## 1 Introduction

Generative networks can learn to generate high-dimensional data from lower dimensional embeddings. Most of the applications require the generative models to generalize given a limited amount of training data. As a consequence, even the signals that are far from the training data distribution can be generated fairly well. Controlling this generalization property of the generative networks can increase their efficiency in the domains where we need to separate one kind of data from the other. Some of the applications of system with limited generative ability include noise reduction and anomaly detection.

In this paper, we present a method to control the generative capabilities of a system in such a way that it can only reconstruct a limited range of input signal space. The technique can be used with different network structures and training algorithms. We will explain the proposed method by focusing on anomaly detection in higher dimensional spaces (e.g. images etc.) using a kind of generative neural networks called autoencoder. Using the proposed technique, generative models can be trained in a way to learn a latent representation that can only encode the input distributions of non-anomalous data. After decoding the latent space back to the signal space, the reconstruction similarity can be used to judge if the input signal contains an anomaly or not.

Anomaly detection is a key and usually the first requirement in many signal-processing applications pipeline [3, 10]. Generative models have previously been applied to anomaly detection [11, 1] and noise reduction [14]. In anomaly detection the task is to find if the input distribution is normal or has an anomaly. It is a one-class classification problem where the training data consists mostly of the non-anomalous class. We argue that due to the generalization property the classic training methods are not ideal for anomaly detection using generative models (as shown in Section 5).
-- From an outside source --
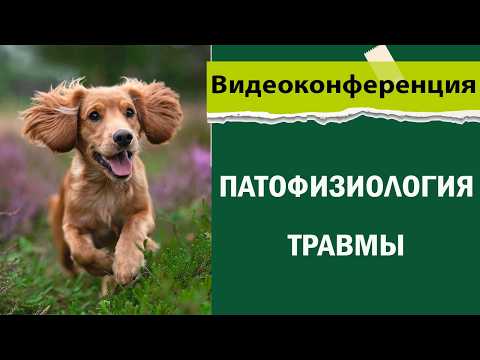 Видео: Патофизиология травмы у животных | Ветеринарный врач-терапевт Федосова Галина Сергеевна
The main contribution of this paper is a new approach to limit the reconstruction capability of the generative networks by learning conflicting objectives for the normal and anomaly data. The technique can use the limited real or synthetic anomalous data by using a negative learning phase in the training. For example, in case of anomaly detection on the road [1], any non-road object (e.g. vehicles, bushes etc.) can be treated as the anomalous data. Some anomaly data is available in most of the anomaly detection applications. The anomaly data might be gathered over time automatically or by human intervention. For instance, in case of a misclassification by a radar based target detection system, the human operator can label the sample correctly for future use. Instead of ignoring this anomaly data, the proposed method uses this data to improve the future detections.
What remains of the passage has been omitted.